Low-cost, ultra-low-power servers – sometimes called microservers – may finally get a jolt of legitimacy.
On Monday, secretive Santa Clara start-up SeaMicro formally launched its long-awaited remake of the x86 server: a 512-processor box that doesn’t use Intel’s ubiquitous Xeon chips but low-power Atoms instead. Atoms are the processors sold in $300 netbooks – giving rise to the observation that SeaMicro’s SM10000 is really just a collection of netbooks stuffed in a one box.

Expect vendors such as Dell to begin making microservers. SeaMicro claims it will cut power use by 75 percent.
It’s an observation that is essentially true. The result is a server that uses one-quarter the power and takes up one-quarter the space while performing the same amount of work. CEO Andrew Feldman says Atom is three times more efficient in performance per watt than Xeon. The reason is it can better power down when not in use and doesn’t waste energy trying to anticipate future workloads, as Xeon does.
That is why the SeaMicro box is better suited to the Internet, where traffic is bursty and generally only places lightweight demands on a server.
The SM10000 is the brainchild of Gary Lauterback, a former AMD fellow and Sun Microsystems engineer, and “is an enormous transformation of the data center,” claims Feldman.
He may not be exaggerating. Zeus Kerravala, a long-time tracker of the server industry at Yankee Group, says: “As an analyst I am often skeptical of technologies people tout as revolutionary, but this one I was really impress with.” If Dell and other top tier vendors aren’t already thinking about microservers “I’d be surprised,” he says.

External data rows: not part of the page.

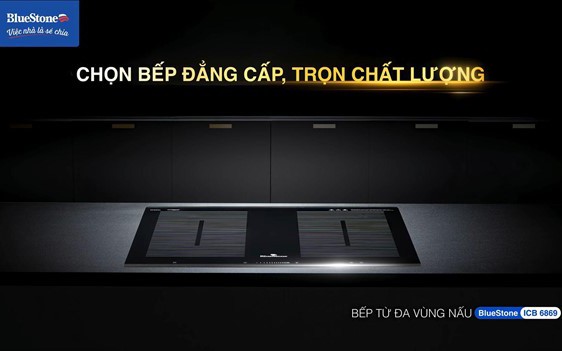 Bếp từ BlueStone - Chọn bếp đẳng cấp, trọn chất lượng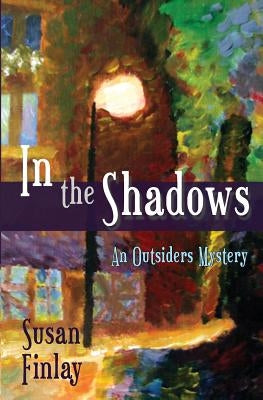 In the Shadows: An Outsiders Mystery by Finlay, Susan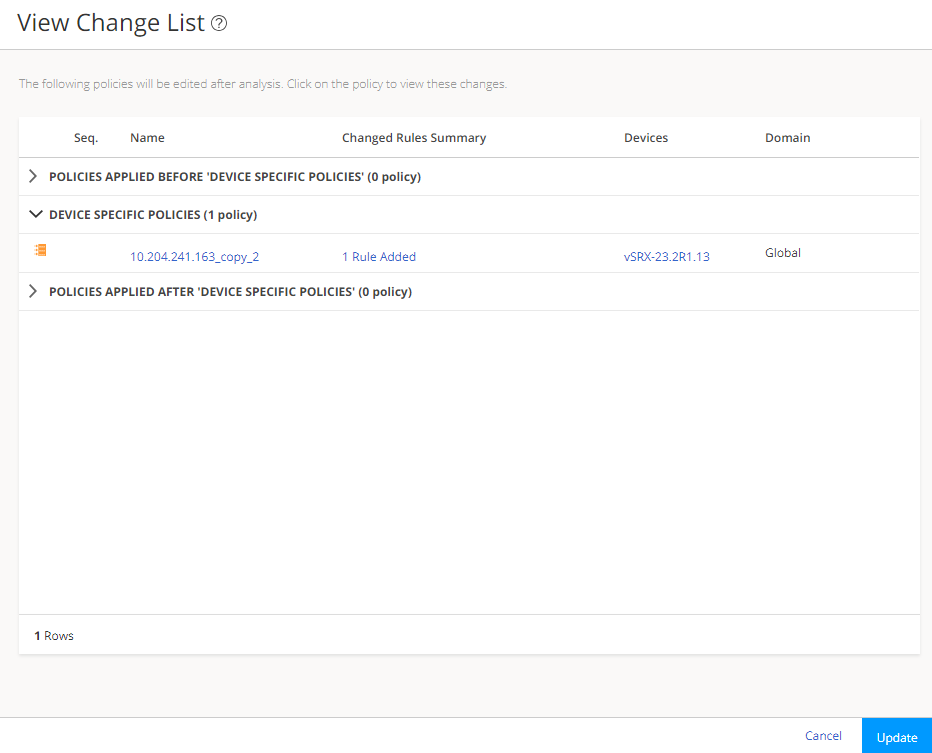 View Change List interface showing one device-specific policy named 10.204.241.163_copy_2 with one rule added for vSRX-23.2R1.13 in Global domain. Options to Cancel or Update changes.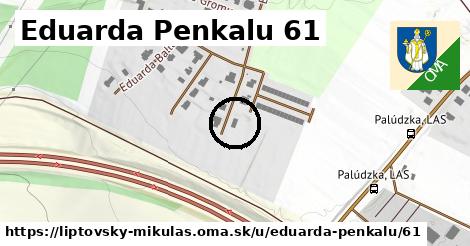 Eduarda Penkalu 61, Liptovský Mikuláš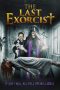 Nonton film lk21The Last Exorcist (2020) indofilm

In truth, SeaMicro isn’t the first company to conceive of low-power servers or ones running Atom. Super Micro Computer launched a rack-mounted Atom blade last year, and Hewlett-Packard markets a $400 MediaSmart home-server with Atom. In Austin, TX, Smooth Stone is working on technology to bring even lower-powered ARM processors, those in many cell phones, to the server market.
Improved efficiency is what motivated cloud-computing vendor Rackable Systems to make use of small servers with modest power to handle fluctuating Internet workloads.
However, SeaMicro hopes to take Atom boxes a step further. The company built into the SM10000 a 1.28-terabit communications fabric powerful enough for a super computer and installed a custom ASICs to handle the complex load balancing for 512 processors. A single box can replace 40 dual-socket, quad-core servers, two Ethernet switches and two terminal servers, says Feldman.
It also shrank the size of processor motherboards to the size of a credit card, taking off unnecessary components and reducing the power draw.
According to IDC, the package may catch on with Web 2.0 companies. Companies spend $27 billion globally a year buying energy to run their servers, the research firm says. Most would die to reduce the bill.
“I think it is a radical approach” that Web 2.0 companies will quickly adopt for their public clouds, says research analyst Katherine Broderick.
The SeaMicro, which raised $25 million from backers including Khosla Ventures, Draper Fisher Jurvetson and Crosslink Capital and received a $9.3 million Department of Energy grant, will make the box available in July. Selling for $139,000, it is likely to begin earning its investors a return.